--- RECORDS FOR THIS EXERCISE Enclosed Below ---

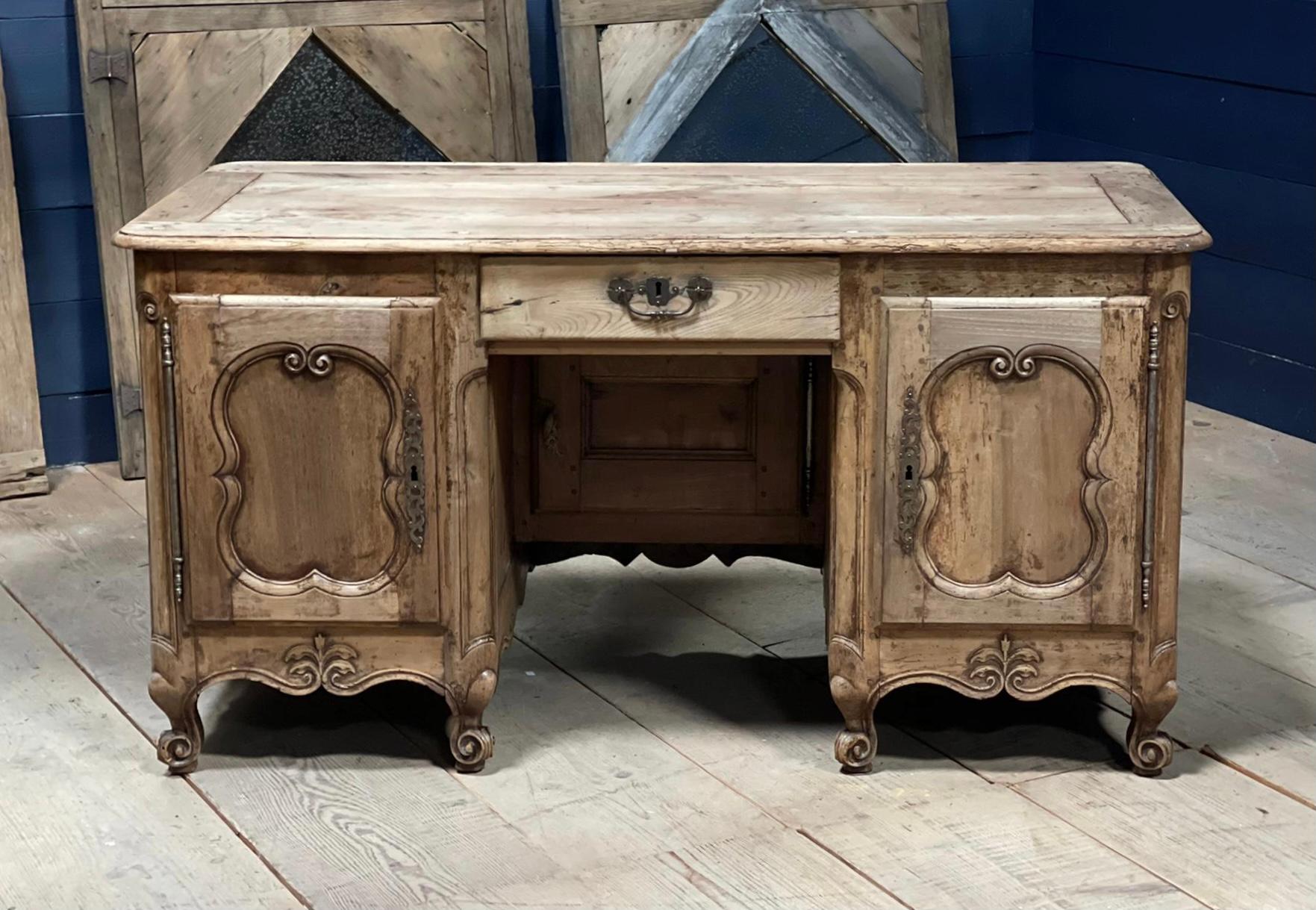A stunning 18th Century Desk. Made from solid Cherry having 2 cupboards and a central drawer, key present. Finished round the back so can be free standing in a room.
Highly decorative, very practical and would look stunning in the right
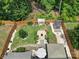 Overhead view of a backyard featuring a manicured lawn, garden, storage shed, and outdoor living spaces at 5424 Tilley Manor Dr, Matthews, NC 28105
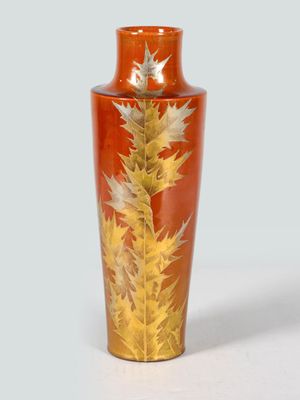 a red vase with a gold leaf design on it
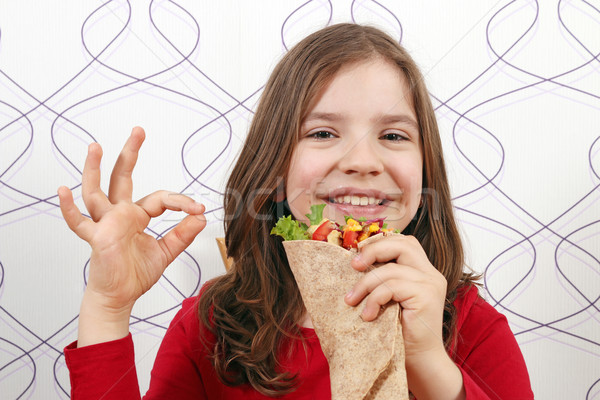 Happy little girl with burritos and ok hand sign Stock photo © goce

--- End of Enclosed RECORDS FOR THIS EXERCISE ---

* WHAT TO WORK ON: Without the pictures, write out every line above exactly as it appears.

* TASK RESULT:
A stunning 18th Century Desk. Made from solid Cherry having 2 cupboards and a central drawer, key present. Finished round the back so can be free standing in a room.
Highly decorative, very practical and would look stunning in the right
 Overhead view of a backyard featuring a manicured lawn, garden, storage shed, and outdoor living spaces at 5424 Tilley Manor Dr, Matthews, NC 28105
 a red vase with a gold leaf design on it
 Happy little girl with burritos and ok hand sign Stock photo © goce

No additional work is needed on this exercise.